Beyond the paramount heath considerations, let’s try to get a bead on the potential risk the virus poses to your wealth.
First, take a deep breath. It is hard to get context with the media talking heads yammering on about the gloom and doom. So take a breath and try to get some perspective and balance.
The first thing to remember is that bad news and panics like this are commonplace throughout history. While tragic, none have yet derailed growing human prosperity or even put much of a dent in the long-term upward trend of the stock market.
Have a look at the graph below, charting world stocks with pandemic-type events overlaid as black dots on the graph. As you can see, none had any clear impact. In fact only 2 of 14 are correlated with a sharp downturn, and stocks did really well after 9 of them!
Why did the Coronavirus impact the US stock market? Is the virus collapsing the stock market?
What does this tell us? Nothing, really, except there is no clear relationship, and that stocks’ performance generally is driven by factors other than world health considerations.
The recent downdraft has been fierce. We have gone from records to correction in less than a week. We may even visit bear territory before it is all over. And while the recent “crash” is clearly associated with the virus, I don’t believe there is really any relationship to it.
This market has been overdue for a correction for months and months. Since the bottom in December 26 of 2018, it seems to have gone almost straight up. Greed was in control of the collective market psyche. Events like Iran’s attack on Saudi Arabia, the near-miss of an Iran/US war, and even the early warnings of the Coronavirus could not dent the greed-driven march upward.
This correction was long overdue, and the Coronavirus is just the excuse, or explanation, that is easy to paste on it. If not for the virus, something else would be blamed. But it was time.
Certainly, there will be economic impact. People will spend less on travel. Supply chains are choked. People will become more cautious and careful spending money. All these things will reduce companies’ profits and have some impact on stock prices. Travel related companies like airlines and cruise lines will probably bear much of the brunt. Some winners, like *Gilead Sciences and other pharmas, will likely shine as new treatments are developed.
But will the world come to an end? Will commerce cease?
Not on your life.
I view the current crisis as a profound buying opportunity. I am not cutting back my stocks exposure because of it, and I am shoveling what cash I can into the market at these bargain prices.
I know it may be hard for you to share my perspective.

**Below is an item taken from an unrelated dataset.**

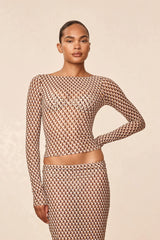 Ipanema Top - Husk Geo Mesh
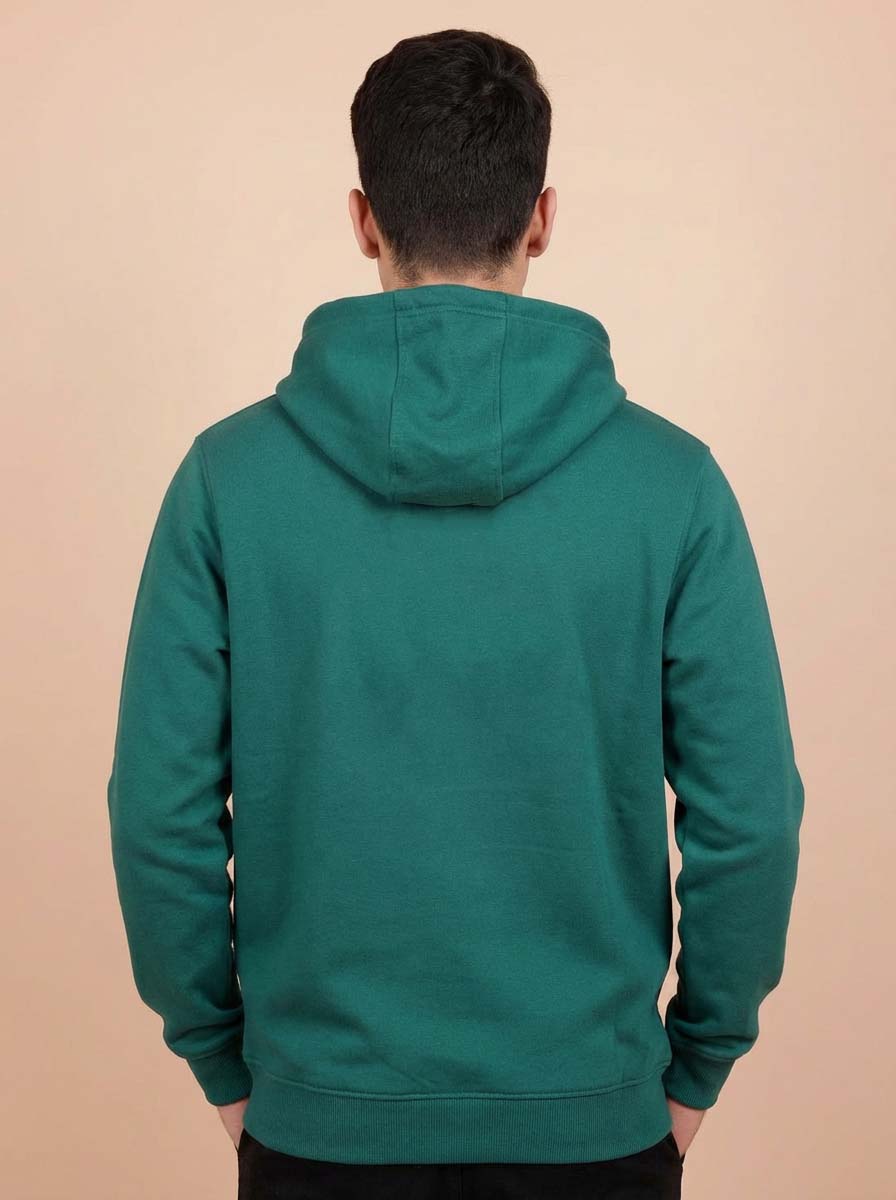 Bicycle Green Basic Cotton Hoodie - #507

The human brain is just not wired to appreciate long term data streams without extraordinary effort. So take another look at the graph. Look at the peak right after the Dengue Fever dot. That marked the peak right before the Great Recession, the beginning of the worst bear market since the Great Depression. We are not likely to see that bad a market ever again in our lifetimes.
If you had dumped all of your money into stocks at the point in 2007 – the worst possible time! – and had the discipline to just stay invested, you would still be at near double your money now, only a decade or so later.
Try to keep that in mind, stifle that annoying “better sell before it goes to zero!” voice in your head and stay the course.
In the end, I am absolutely convinced you’ll be glad you did. That’s what I’m doing with my family’s money, and that’s what I think you should consider doing with yours!